I’m selling a lightly used home theater system on Craigslist and after a week of no activity and no interest I sudden got an email from someone who says they’ll pay full price plus a few dollars if I’ll accept a money order. Now obviously that’s suspicious, but I dunno, maybe it’s legit. Should I accept a money order as payment for stuff I am selling on Craigslist?
No you should not.
Let me explain the why’s and wherefore’s, though, so you understand why this is a tricky way to separate you from your stereo system or other expensive electronics.
I’ll start by saying that I have also experienced this sort of thing, and the email I got from the buyer looked like this:
Subject: Re: Philips HTS8100 compact home theater system (North Boulder, Colorado)

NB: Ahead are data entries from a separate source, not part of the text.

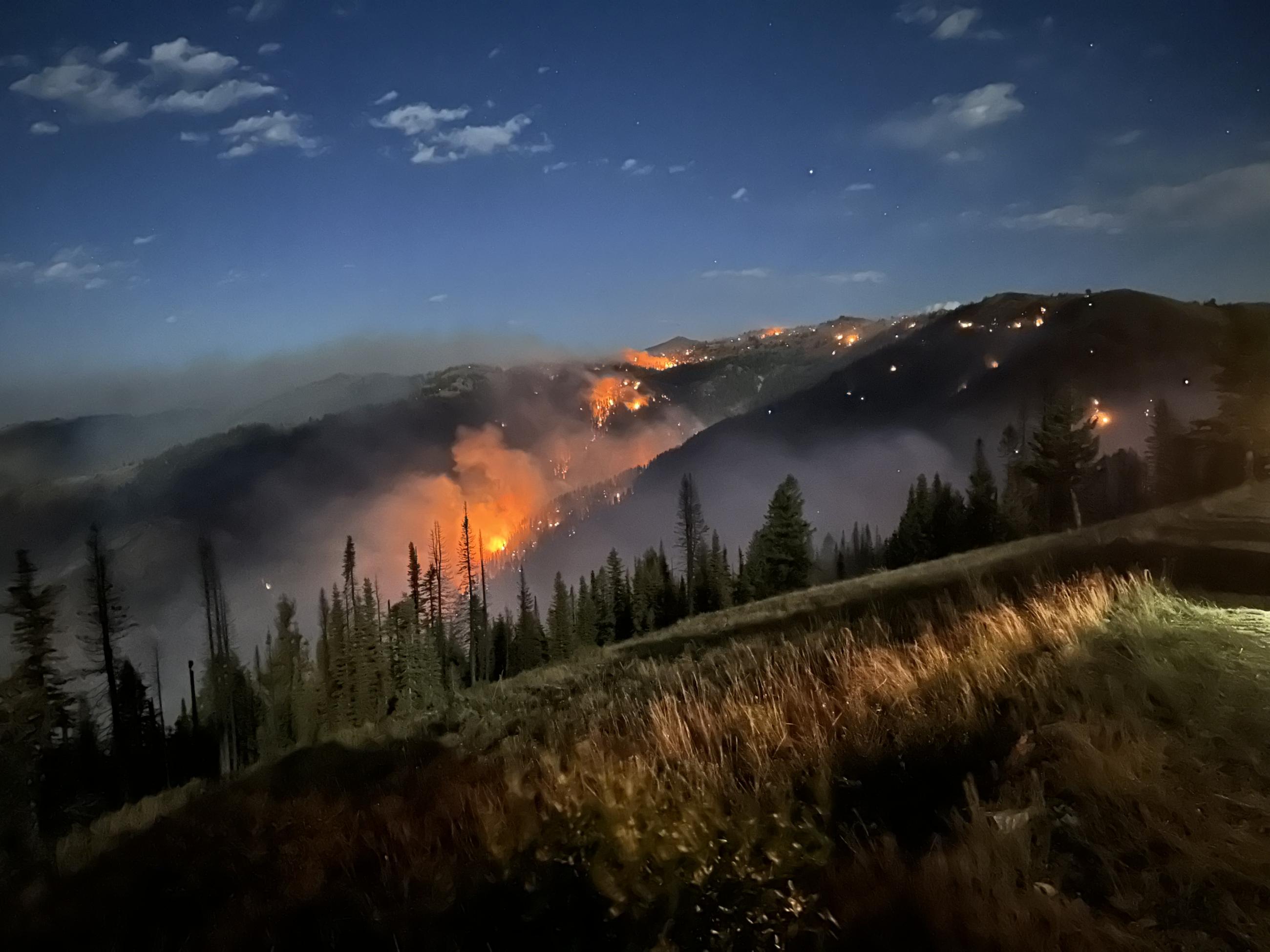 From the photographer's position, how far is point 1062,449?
5500cm

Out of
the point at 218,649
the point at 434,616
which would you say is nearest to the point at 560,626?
the point at 434,616

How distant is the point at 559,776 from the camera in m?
5.36

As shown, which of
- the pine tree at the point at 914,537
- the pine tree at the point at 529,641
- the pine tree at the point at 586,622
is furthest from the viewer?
the pine tree at the point at 529,641

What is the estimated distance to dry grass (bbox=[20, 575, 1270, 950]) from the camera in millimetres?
3449

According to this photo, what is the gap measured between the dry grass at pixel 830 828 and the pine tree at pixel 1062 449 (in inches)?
2115

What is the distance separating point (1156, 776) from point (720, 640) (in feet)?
56.7

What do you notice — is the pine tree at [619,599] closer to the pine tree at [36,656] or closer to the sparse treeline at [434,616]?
the sparse treeline at [434,616]

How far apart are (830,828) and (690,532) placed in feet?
228

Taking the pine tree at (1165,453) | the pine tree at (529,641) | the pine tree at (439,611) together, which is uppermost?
the pine tree at (1165,453)

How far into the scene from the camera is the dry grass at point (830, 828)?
11.3 ft

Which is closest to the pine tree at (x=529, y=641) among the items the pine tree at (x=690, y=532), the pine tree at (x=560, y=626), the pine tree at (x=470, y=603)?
the pine tree at (x=560, y=626)

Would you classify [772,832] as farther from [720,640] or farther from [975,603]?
[720,640]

I am willing to pay your asking price.I will pay by money order as its the only way i can pay you at the moment.I will make arrangement for the pick-up after payment have been received by you. I dont mind adding an extra twenty dollars so you can keep it in my favor.Please take the posting off craigslist today and consider it sold to me.
Now, in addition to the whole payment thing and the strange not minding paying an extra $20 for no reason (what legitimate buyer offers to pay more than the asking price?) I also noticed that her email address indicated she was “Suzan”, but she signed it “Susan”. Quite unlikely to be her (or his) real name.
More importantly, the words money order have become a flashing red warning sign in the world of ecommerce and auctions, and, heck, the very top of the email from the potential seller said:
To test out whether it was a scam or not, I responded with: “I’m afraid that’s not going to work for me. I only accept cash, as I indicated in the advert.” and, of course, never heard back.
But I was curious: how does this Craigslist (or, presumably, eBay or any other transaction) scam work? So I dug around a bit and here’s what I found from the US Postal Service, in a document ominously titled Top Six Counterfeit Check or Money Order Schemes [PDF]:
“You place goods for sale online. The perpetrator poses as a buyer, sends you a check or money order for more than the purchase price, and asks you to wire the excess money to a third party (often someone in a foreign country who allegedly handles shipping logistics). This scheme may be used for large items sales, such as automobiles, motorcycles, or boats.”
Gosh, that sure sounds like what the buyer had suggested!
The Postal Inspectors document goes on to explain what happens in these cases:
“You deposit the check into your account and wire the money to the contact (the employer, shipper, cyber-soulmate, businessman, etc.) when the funds are posted to your bank account. Few consumers realize that, while banks are required to post checks within a matter of days, it generally takes weeks for a check to clear. Weeks later the bank notifies you that the check was counterfeit or stolen, and you are responsible for the full value of the deposited check.”
Phew! The short answer is what I gave at the beginning: Just say no!
Good luck and be careful out there, whether you’re on eBay, Craigslist or just selling something through your local newspaper.